Not everyone made it to the dinner. But one important person did, and she and I were really happy to see one another. Then we started to talk, and I felt like I was falling into an abyss. I wanted to crawl out as fast as possible, and run away. We had lived through the same events, she and I, but had come away with different conclusions—and hers, in many ways, reflected answers I had chosen not to believe. I've learned to live with and find goodness and redemption in my interpretations. Neither of us can know the truth; all the original players are gone. But I realized on Saturday night that she still carried those ghosts with her on a daily basis, whereas I've put them where they belong: not out of my life, but away, safe, in a place that lets me change, grow, and forgive.

I know she wants to revisit the source of her pain, and I do not. I'm content to know that our small group can acknowledge that we've grown and changed since childhood, and can relate to one another in new ways. That's not enough for her, which makes me angry, because with acceptance of her presence in my life comes the inevitability of future pain. This makes me angry and resentful. Enough already.

So I came home and started to cry. Then read the above kavannah, and realized that although I had every right to be frustrated, I also needed to temper my feelings with compassion. We're all at different stages of our journeys, and she has a ways to go. Being a part of it will be challenging, and I'll need to tread carefully and with gevurah, be strong and disciplined, and protect myself along the way--but always in the company of tiferet. I can do this.

Sunday, April 19, 2009

811. Connection

In case you were wondering, yes, I'm still a little obsessed with Twitter. But more than that, fascinated by what "social media" in general--all the new, high-tech ways we are discovering, as a society, to be connected--says about the basic human need to reach out to one another.

And I did not at all agree with this New York Times article:

Let Them Eat Tweets: Why Twitter is a Trap

To summarize, author Virginia Heffernan quotes cyberbunk writer Bruce Sterling at the tech conference SXSW who pronounced, essentially, that connectivity is poverty. "Poor folks love their cellphones." By "poor" he didn't mean just the economically disadvantaged, but also the emotionally lacking--those who have to reach out to everyone in the universe for "ambient awareness" because their "private gardens" are neither safe nor secure. "The vibe of Twitter seems to have changed: a surprising number of people now seem to tweet about how much they want to be free from encumbrances like Twitter," she writes.

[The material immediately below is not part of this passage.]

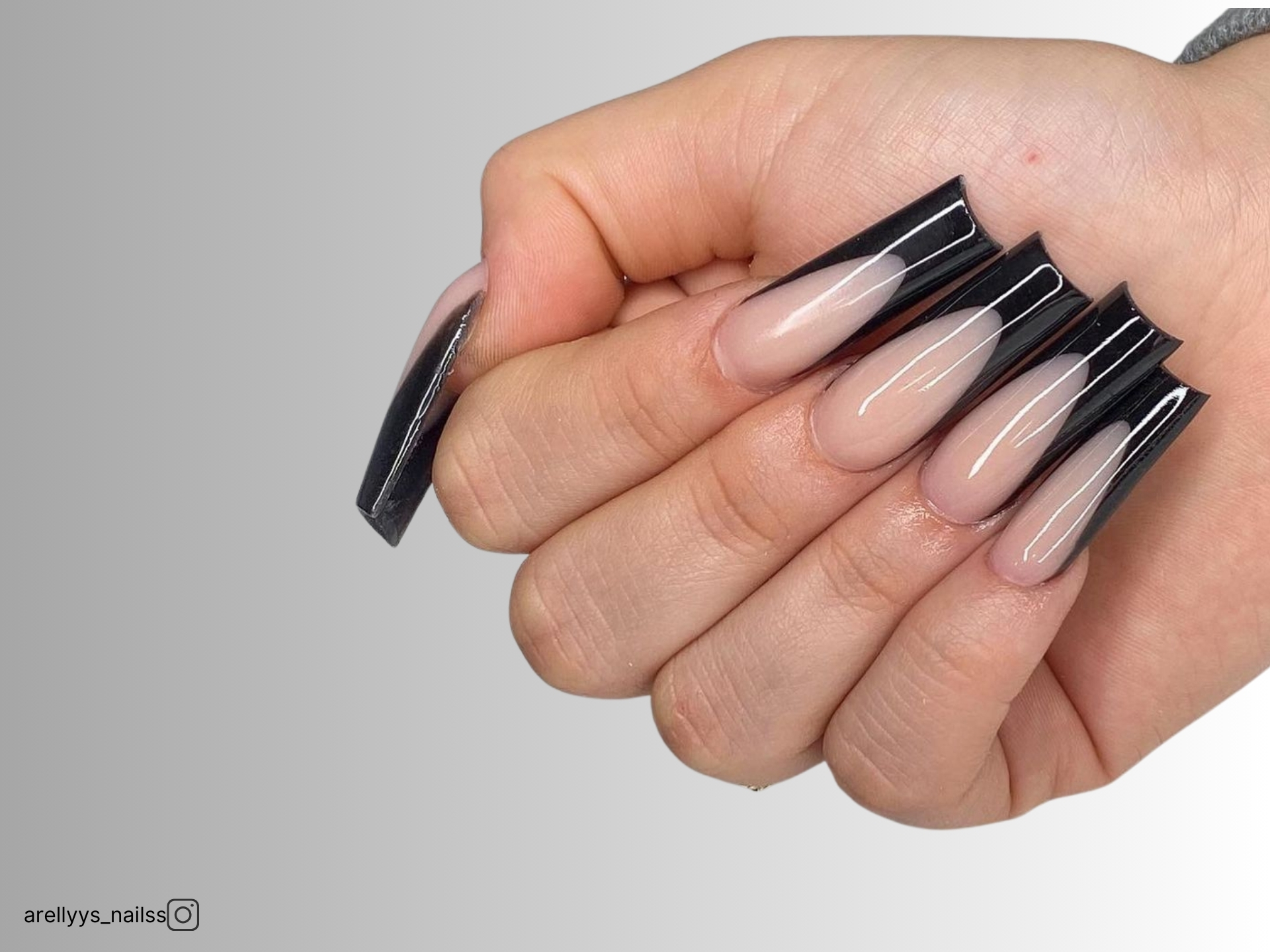 Con estas uñas negras de punta francesa no necesitarás más detalles de manicura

This may be true (and sad: we are masters of the medium and our own time, not the other way around), but to me it doesn't say that the whole concept is wrong--just that its evolution is a work in progress. I was reminded of how exhausted, both physically and socially, I felt after attending five long mornings of services this Pesah (the first and last two, and one in between where I also read Torah). I wasn't the only one, as the rabbi noted on the last day of the holiday. But by making the choice to be a part of something larger, he said, and acknowledging that we want and need more than just our own company, we become stronger. Just because it's hard to get out of bed all those mornings, shlep to shul, and repeat the same prayers over and over again doesn't mean we shouldn't do it. In a religious context, this kind of connection is an expression of God's presence--but that's just one interpretation. Just as diversity was the reason why we evolved and survived as a species, so we also need to reach beyond our private gardens and form communities in order to continue to thrive and grow. And "community" today means not just the folks in one's neighborhood or house of worship, but also those on the other other side of the city, or world, who say, do, or think something we find interesting.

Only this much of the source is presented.